The Italian edition of Flaubert's account of his trip to Egypt, illustrated by Nathalie du Pasquier.
In 1849 at the age of twenty-seven, Gustave Flaubert set off for the Orient in the company of his friend Maxime Du Camp. There was no precise itinerary; the idea was to get to know the customs and the great religions of the East. The mainstay of the journey unfolded in Egypt, where Napoleon's army had fought half a century before. The writer thus transcribed impressions from his journey in a notebook, while Du Camp concentrated on photography. Yet the finest material emerges from his correspondence: the letters to his mother and to his friend Louis Bouilhet are full of life, anecdotes, tales, descriptions and reflections. There is no experience the writer shies away from, and thus Egypt comes to life in all its immediacy, the exotic dimension blending with the everyday.
This edition, the most complete to appear in Italy to date, provides the reader with a book on a par with the masterpieces of the French writer.
Gustave Flaubert (Rouen, 1821 – Croisset, 1880) stands among the very greatest of French writers. We might say he lived his entire life in Croisset, near Rouen, faithfully following the discipline of a wholly inner life, in a passionate quest for elevation and artistic creation. His outer life was somewhat lacking in events: a trip to Brittany (1847); a long journey to the Orient (1849–1851); a number of winter stays in Paris (from 1857); the love of a muse, Louise Colet (1846–1855); the death of his mother; the financial collapse of his niece, and the ensuing economic hardship.
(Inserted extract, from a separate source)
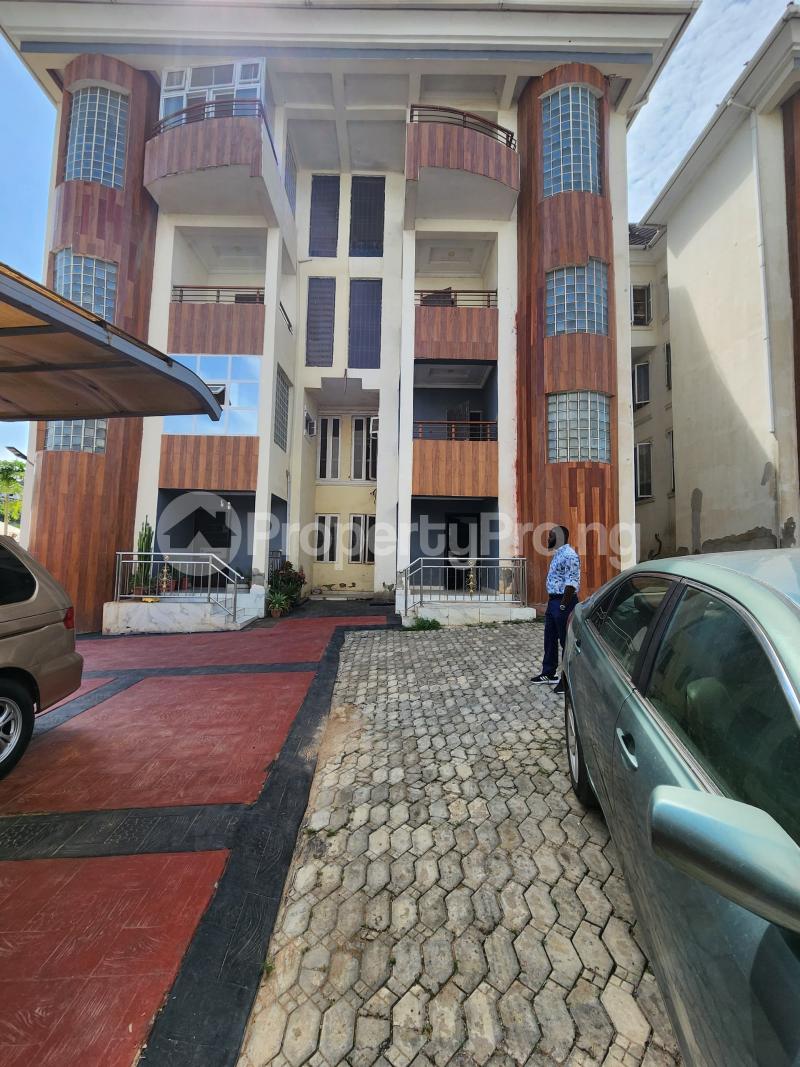 4 bedroom House for sale  Guzape Abuja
His biography is basically the story of his masterpieces. On returning from his Oriental travels in the company of Maxime Du Camp, he wrote Madame Bovary (1857), the novel that would make him famous and lead him to be tried for immorality: a trial which would come to an end with his absolution. In 1867, he returned once more to his youthful project of Sentimental Education (1869), a work that would mark the full maturity of his genius.
A famous
designer and co-founder of the
Memphis group in Milan in 1981, Nathalie Du Pasquier (born 1957 in Bordeaux, France, lives in Milan, Italy) accompanied the (post)modern adventure around designer
Ettore Sottsass, with the creation of objects, fabrics, carpets, and furniture. In 1986, she started devoting herself exclusively to two- and three-dimensional
painting. Memphis's radicalism and formal inventiveness measured solely in terms of a scathing and iconoclastic postmodernism erased a little too quickly the adventure's modern foundations. Nathalie Du Pasquier's paintings are a perfect revelation of these connections: axonometric compositions applied to painting, the palette of muffled colors, objects, when they are present in the compositions, wink at the purism of a Corbusier or an Ozenfant. Mixed with memories and assimilations arising from the most tridimensional Suprematism–the architectones–some paintings and constructions also give prominence to this history of art and the applied arts.